* **Given entries**
'''

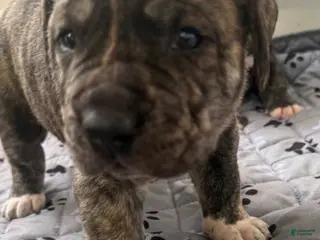 Presa Canario dogs Presa Canario Puppy 3 - Ad 3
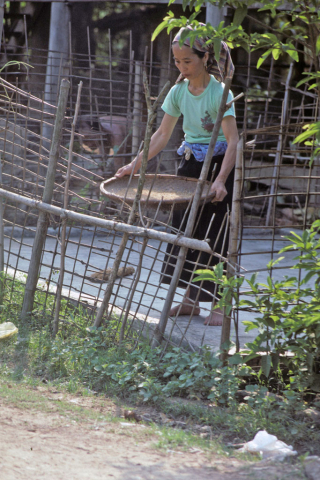 Woman stands in fenced yard winnowing rice on woven tray at Mai Chau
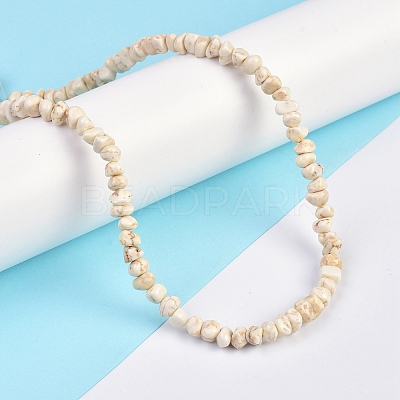 Natural Magnesite Beads Strands TURQ-P001-02A-11-1
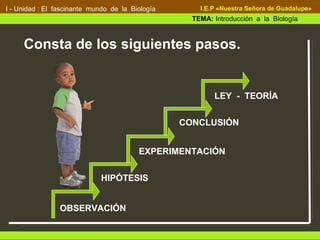 Consta de los siguientes pasos.
I - Unidad : El fascinante mundo de la Biología
TEMA: Introducción a la Biología
I.E.P «Nuestra Señora de Guadalupe»
OBSERVACIÓN
HIPÓTESIS
EXPERIMENTACIÓN
CONCLUSIÓN
LEY - TEORÍA
 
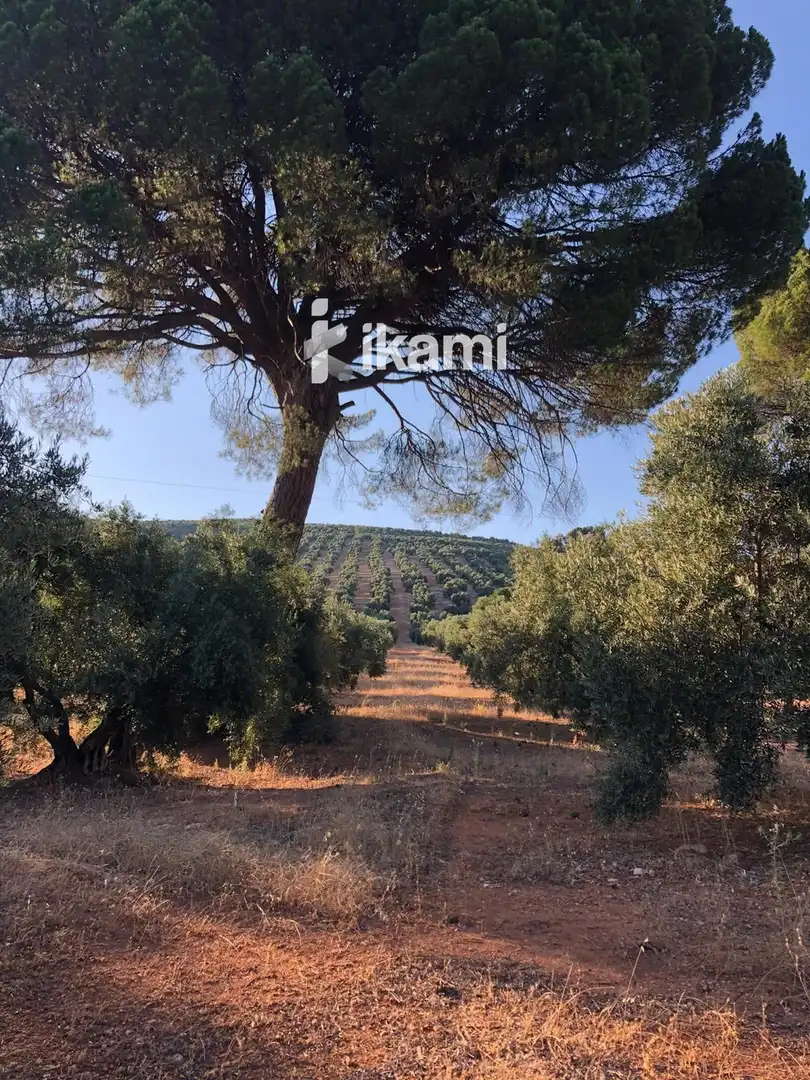 Residential for sale in Beas de Segura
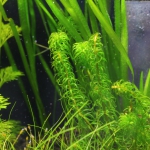 植栽から9日目（トリミングから4日目）グレートモス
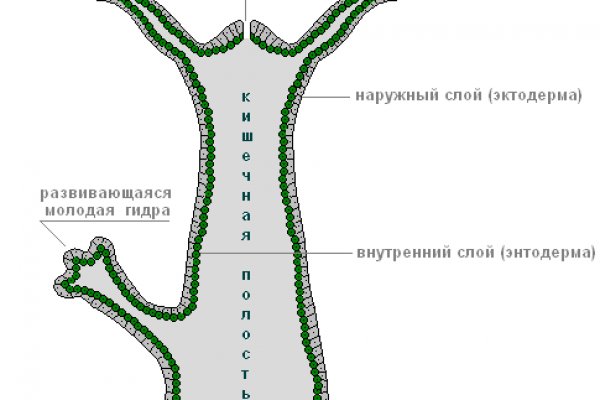 Что с кракеном сегодня сайт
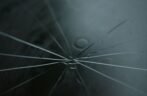 Windshield Repair vs. Replacement: A Dayton Driver’s Guide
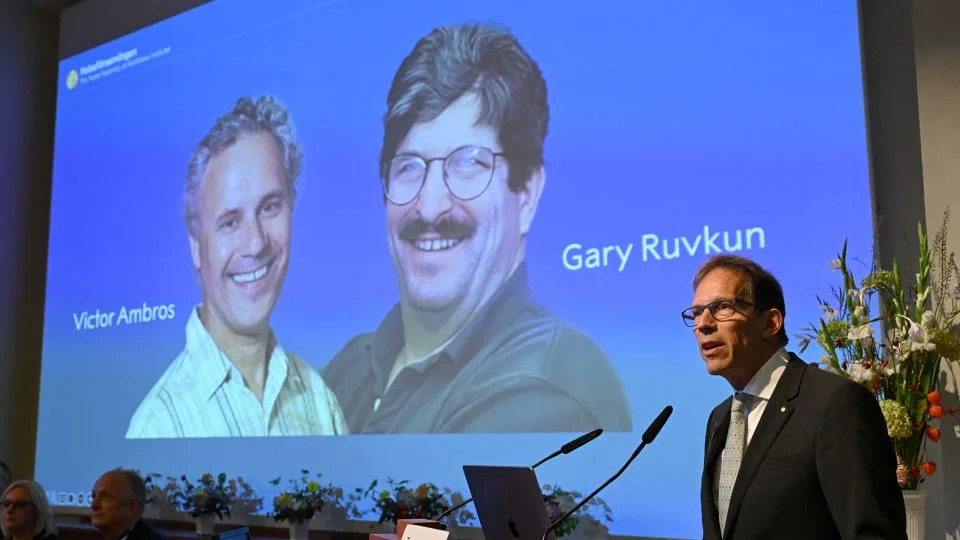 Nobel Committee Secretary General Thomas Perlmann speaks to the media in front of a picture of this year's laureates Victor Ambros and Gary Ruvkum during the announcement of the Nobel Prize in medicine winners on Monday. - Jonathan Nackstrand/AFP/Getty Images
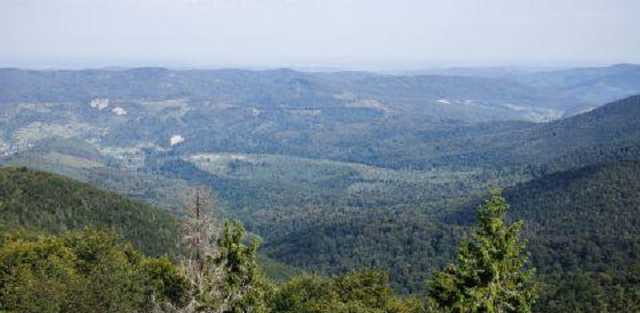 В Карпатах произошло землетрясение — ГСЧС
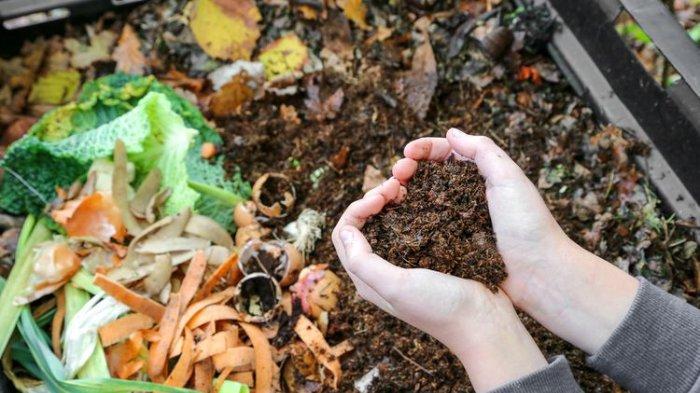 Ilustrasi penggunaan tanah gembur untuk tanaman dan banyak pupuk.
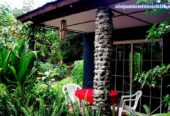 Cabañas Napohe – Isla de Pascua
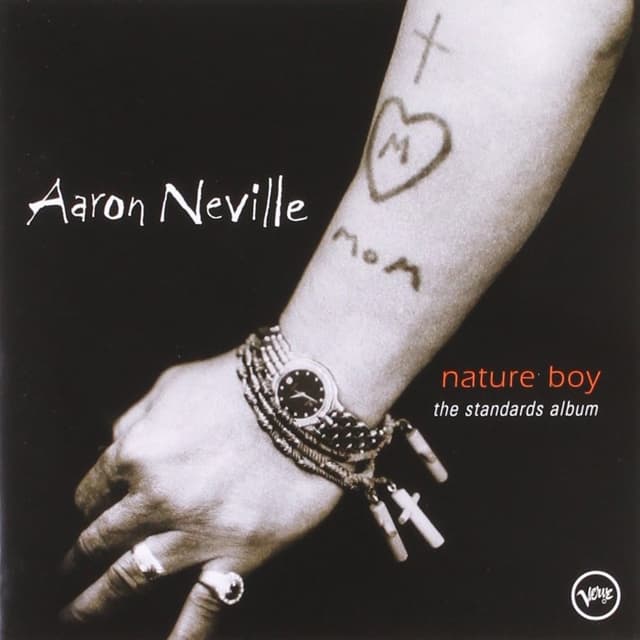 Nature Boy: The Standards Album cover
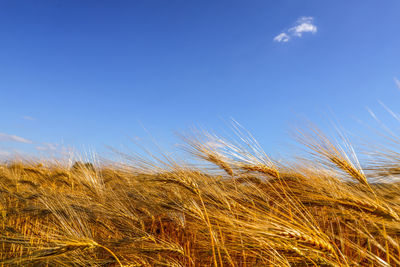 Close-up of wheat field against blue sky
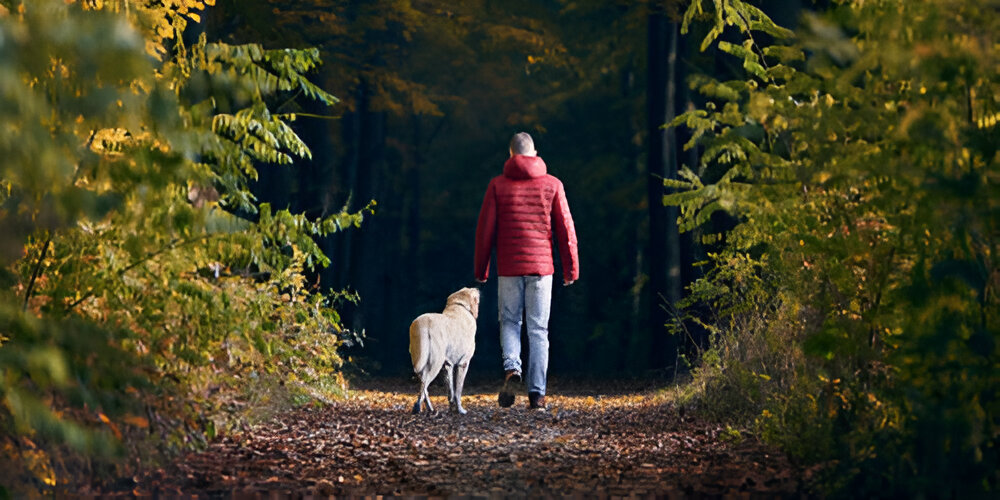 man in a red jacket walking a Labrador Retriever down a path in a forest.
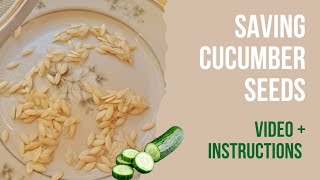 Learn how to Seed Save from Cucumbers  Fermentation Style Seed Saving [upl. by Annoval]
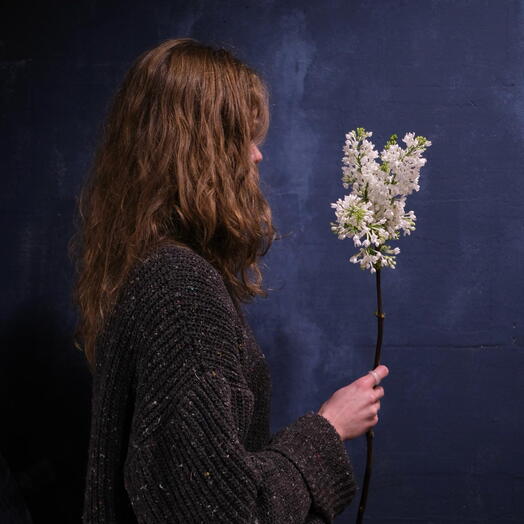 Белоснежная сирень - прямиком из майского сада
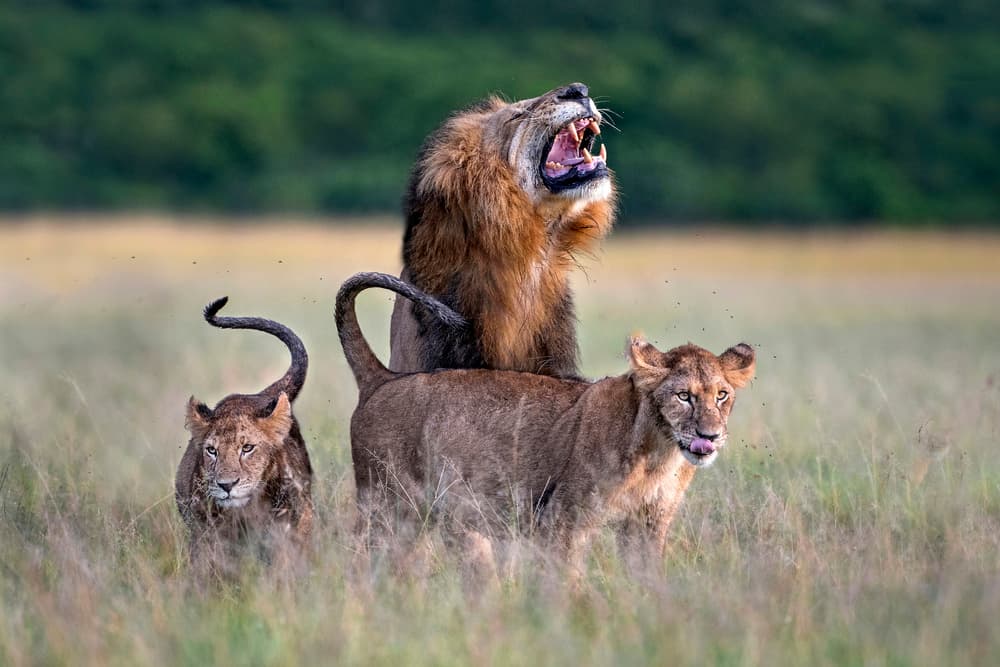 Roaring Lion Pride by Xavier Ortega — canvas wall art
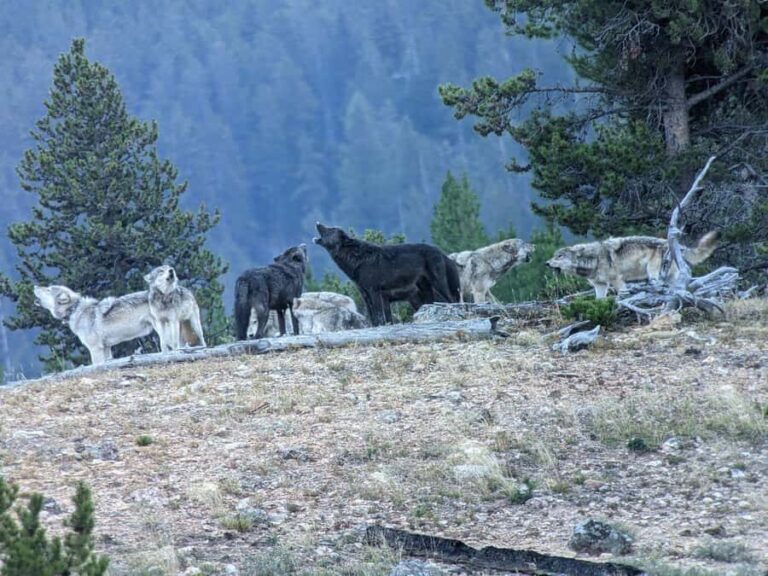 Yellowstone: Privately Guided Safari/Scenic Tour with Lunch! - Key Points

'''

* **How to complete this task**
Single out each line of the records above with the string "Biología" in it, and copy it.

* **Output of the exercise**
I - Unidad : El fascinante mundo de la Biología
TEMA: Introducción a la Biología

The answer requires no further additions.